Every core course at DIS takes a week-long trip somewhere in Europe for more hands-on learning. For my Humanitarian Law & Armed Conflict core course, we ventured to Kosovo for five days. Kosovo is located in the Balkans (think Serbia, Croatia, Bosnia, Macedonia, etc.) and is one of the newest nations in the world, gaining independence in 2008. Its status as a nation is disputed as Serbia claims it as a province while 100 members states of the United Nations recognize its independence. From 1998-1999, Kosovo was engaged in a bloody conflict with Serbia; our class was in Kosovo to learn specifically about this conflict, its continuing impact on Kosovar society, and how the Kosovar people have gone about building a new nation.

Our time in Kosovo was filled with lots of academic visits, sightseeing, and traveling around the country. Every day we did something different and learned about Kosovo in a new way. Here are my highlights from every day of our trip.

Sunday: we flew from Copenhagen to Vienna to Pristina, the capital of Kosovo. We checked into our hotel (which was VERY nice!) and explored the city. The highlight of this day was eating a traditional Kosovar Albanian dinner and meeting some local students. We exchanged stories and asked each other questions about our upbringing and the places we live. I ended up spending quite a good amount of time with the students we met and they proved to be excellent tour guides.

a class dinner

Monday: My favorite academic visit on Monday was to the Kosovo Security Force base. We learned specifically about an exclusive program they have that is similar to the American ROTC. Although I tend not to be super interested in military stuff, this visit was wonderful as everyone we met was extremely welcoming and did everything they could to make us feel at home. They gave us personalized tours with cadets and we had plenty of opportunities to ask all of our questions. 

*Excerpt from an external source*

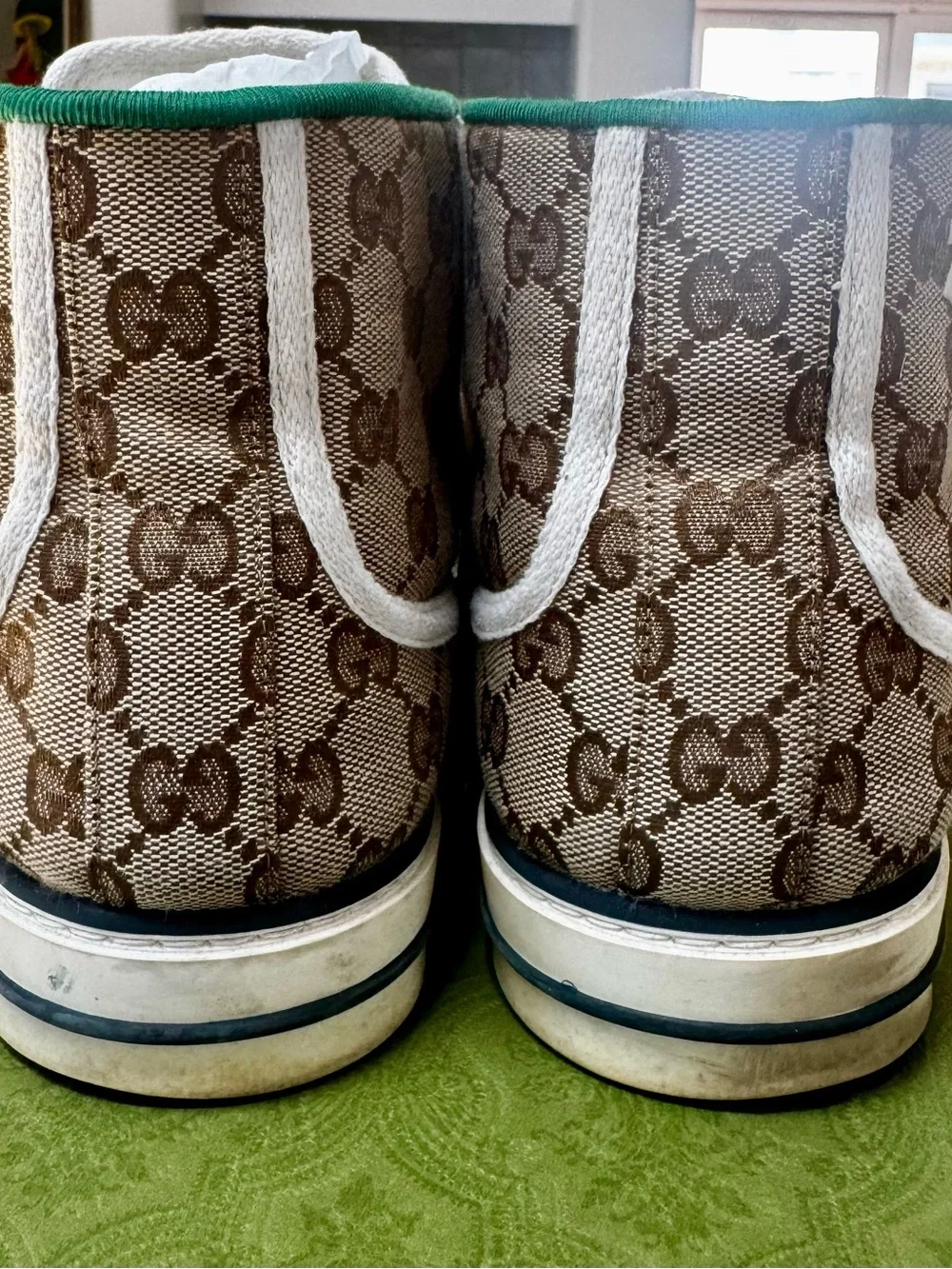 Gucci Beige GG Canvas High-Top Sneakers with Green and Red Web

class photo at the military base

Tuesday: We visited Mitrovica— the divided city. The northern side of Mitrovica is populated by people who are ethnically Serbian while the southern side is populated with ethnic Albanians. A bridge divides the two sides of the city and movement across the bridge is limited. KFOR (NATO peacekeeping forces) troops patrol the bridge to make sure it’s safe; our tour guide asked if it would be safe enough for us to cross the bridge as a class and we were the first DIS class that has been allowed to do so. Upon entering the Serbian part of Mitrovica, we noticed differences in architecture and development, the use of the Serbian rather than Kosovar flag, the use of the Serbian Dinar instead of the Euro, and the prevalence of Serbian language and writing. Crossing the bridge is like crossing into an entirely new country and the persistent ethnic differences are evident here.

Gračanica Monastery

Wednesday: in small groups, we visited local NGO’s to learn about the work they do in Kosovo. My group visited the Kosovo Women’s Network. The representative we met with was knowledgeable about the many issues of gender inequality and gender-based violence that women in Kosovo continue to face. As a passionate feminist, I found this academic visit to be informative about the work that still needs to be done in building a nation where everyone is equal.

Kosovo Women’s Network

Thursday: We took a bus up into the mountains and visited Prizren, Kosovo’s second-largest city. Prizren was very quaint, with lots of culture, architecture, and history to explore. Our class enjoyed the fresh air on a walking tour. One of the most interesting parts of the walking tour was seeing a Catholic church, Orthodox church, and mosque all right next to each other. This is indicative of the ethnic and religious diversity of Prizren. We had the evening off in order to see more of Prizren on our own before flying back to Copenhagen the next morning.

Prizren

Kosovo is a lovely country and I’m so glad to be part of a core course that visits such a unique place. Were it not for my course at DIS, I don’t think I ever would have thought to visit; I’m walking away from this trip having learned much more about conflict and peace-building and very thankful to the wonderful and hospitable Kosovars that we met along the way. They truly made our time in Kosovo special and I would love to come back someday and see more of the Balkans!